EXERCISE DESCRIPTION:
Exact copy, pictures excluded: print the lines from the one with "Erkek Bisiklet Yaka Baskılı T-shirt 7023" through the final line of the records.

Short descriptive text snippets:
*** Begin section ***

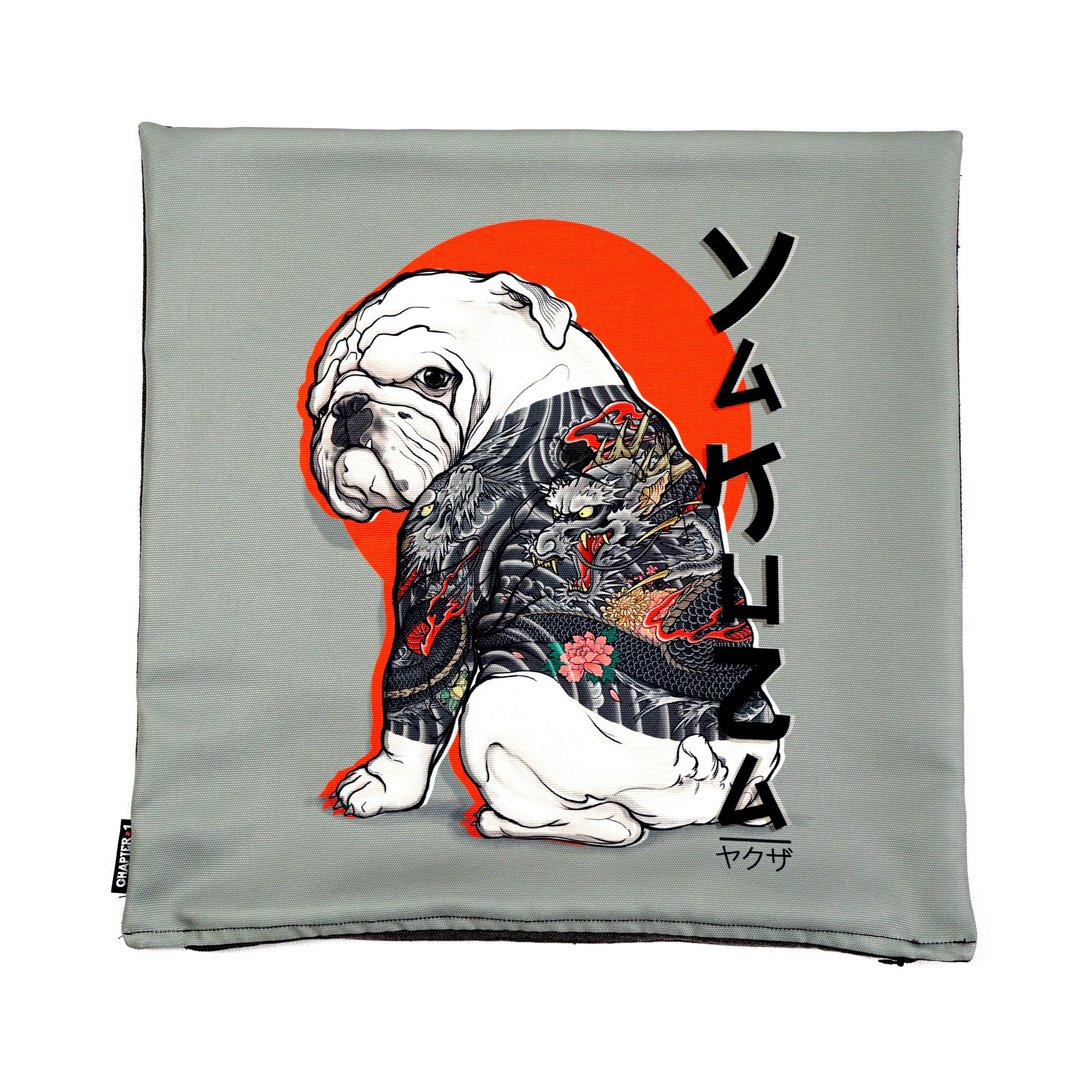 Bulldog tattoo pillow case New arrival Gift New Year - 枕头/抱枕 - 棉 黑色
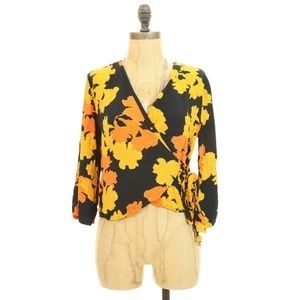 Topshop Big Bloom Top Sz 4 US Tie Wrap Floral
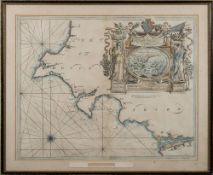 COLLINS, Sir Greenville - Torbay : hand coloured chart, 570 x 450 mm, f & g, c1690s.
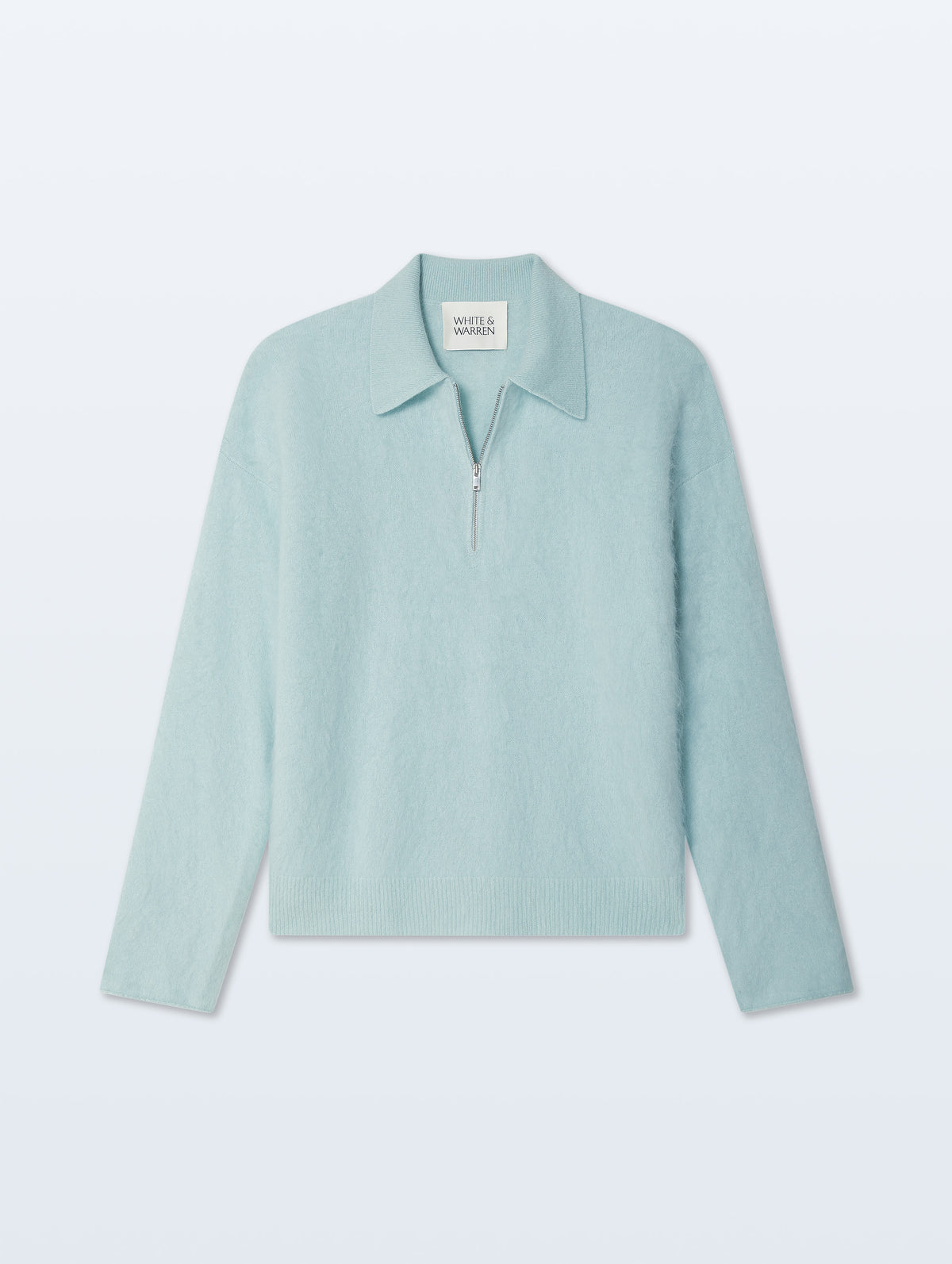 Brushed Cashmere Quarter-Zip | Seafoam Blue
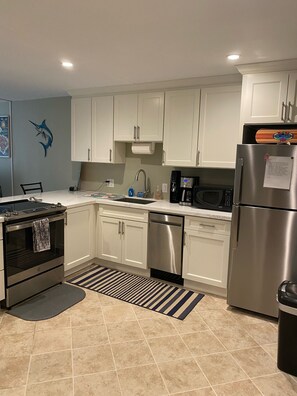 Newly renovated kitchen with appliances 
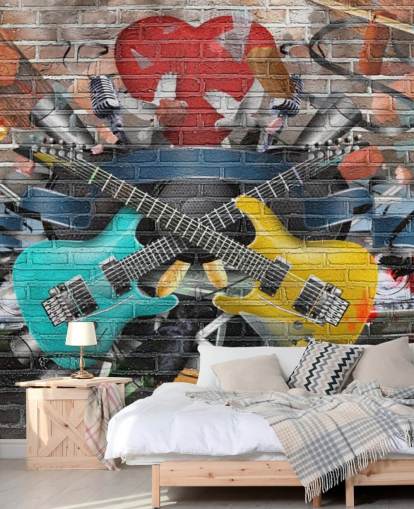 colorido mural de papel pintado de graffiti personalizable llamado Graffiti - Guitarra para dormitorio de adolescentes colorido mural de papel pintado de graffiti personalizable llamado Graffiti - Guitarra para dormitorio de adolescentes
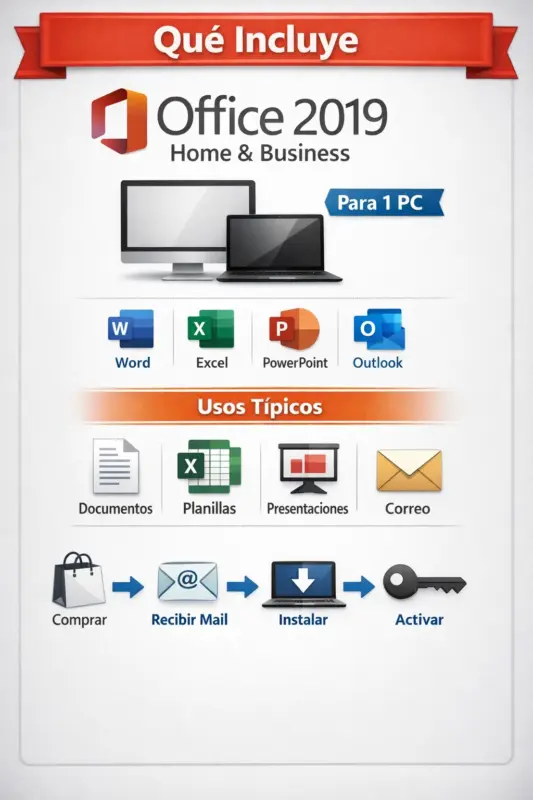Microsoft Office 2019 Home and Business — Permanente — 1 PC (Licencia digital)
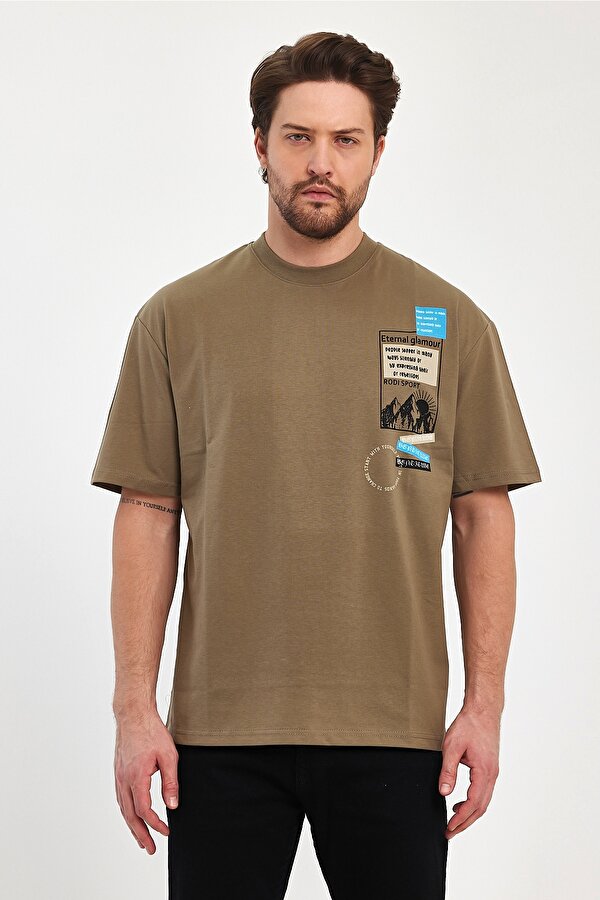 Erkek Bisiklet Yaka Baskılı T-shirt 7023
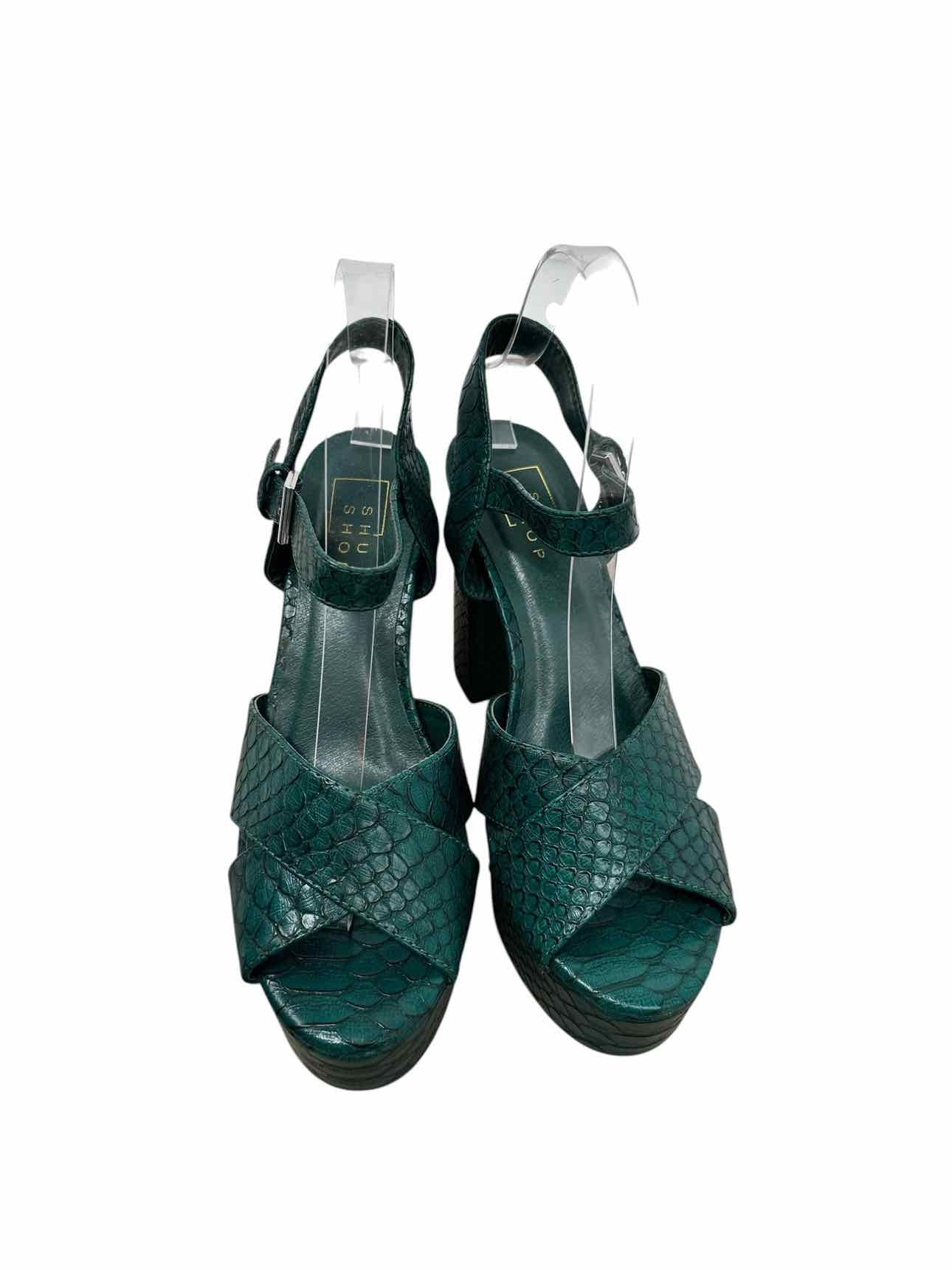Shu Shop Eugenia Croc Embossed Platform Block Heel Green Shoe Size 8 **NEW**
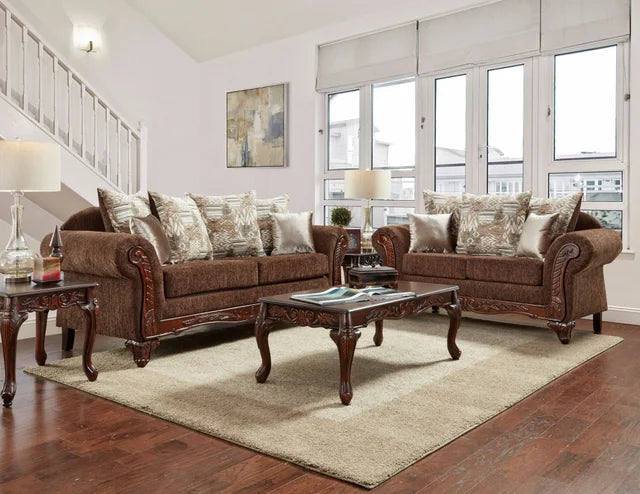 Chocolate Brown Sofa and Loveseat Set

*** End section ***

TASK ANSWER:
 Erkek Bisiklet Yaka Baskılı T-shirt 7023
Shu Shop Eugenia Croc Embossed Platform Block Heel Green Shoe Size 8 **NEW**
 Chocolate Brown Sofa and Loveseat Set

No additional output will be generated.